New York, United States — The Dow finished at a record Monday as markets weighed the impact of the failed assassination attempt on Donald Trump, while European bourses came under pressure from weakness in the luxury sector and disappointing Chinese economic data.
The blue-chip index piled on 0.5 percent to finish at 40,211.72, notching its first record since mid-May.
Major US indices were in positive territory the entire session amid talk that the assassination attempt boosted Trump’s prospects in the election.
READ: Asian shares mixed as China reports economy grew 4.7% in last quarter
Trump was hit in the ear but not seriously injured in a gun attack during a campaign event on Saturday in Pennsylvania ahead of the Republican National Convention in Wisconsin.
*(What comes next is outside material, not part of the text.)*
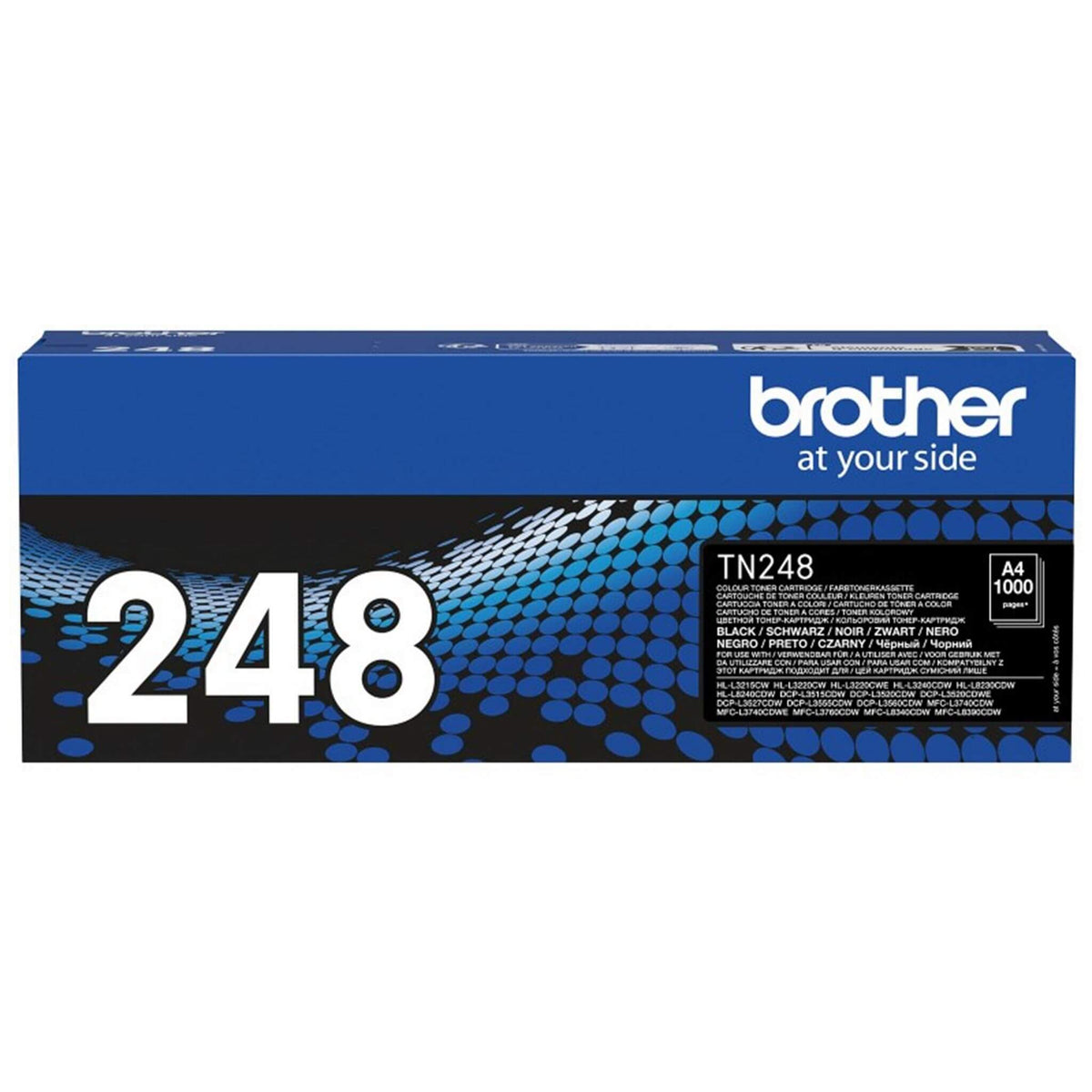 Musta värikasetti: Brother TN248BK | Finink.com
The former president announced Monday that Ohio Senator J.D. Vance will be his vice presidential nominee.
“The connection for the market is that former President Trump is seen by many to be a more market-friendly candidate due in part to his push for deregulation and a lower corporate tax rate,” O’Hare said.
“Still, others worry that his push to increase tariffs could also lead to higher inflation.”
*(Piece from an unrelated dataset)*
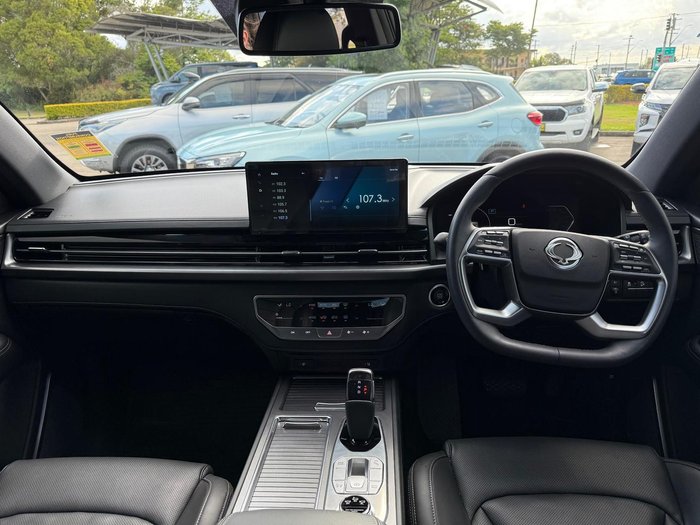 2023 SsangYong Rexton Adventure Y461 MY24 4X4 Dual Range Space Black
The Dow record came as Fed Chair Jerome Powell expressed confidence that inflation is in retreat, reiterating a stance that boosted markets last week.
Strong results from Goldman Sachs and BlackRock also boosted sentiment on Wall Street.
Earlier the Paris bourse fell 1.2 percent following a bruising day for luxury equities, with LVMH, Hermes and Kering all declining.
Burberry stock tumbled more than 16 percent in London after it announced the immediate departure of chief executive Jonathan Akeroyd as it posted “disappointing” results.
Another heavy blow came as Swatch reported plunging profits owing to the luxury market crisis in China and warned that sales in the key market were likely to remain difficult this year, sending its shares down more than nine percent.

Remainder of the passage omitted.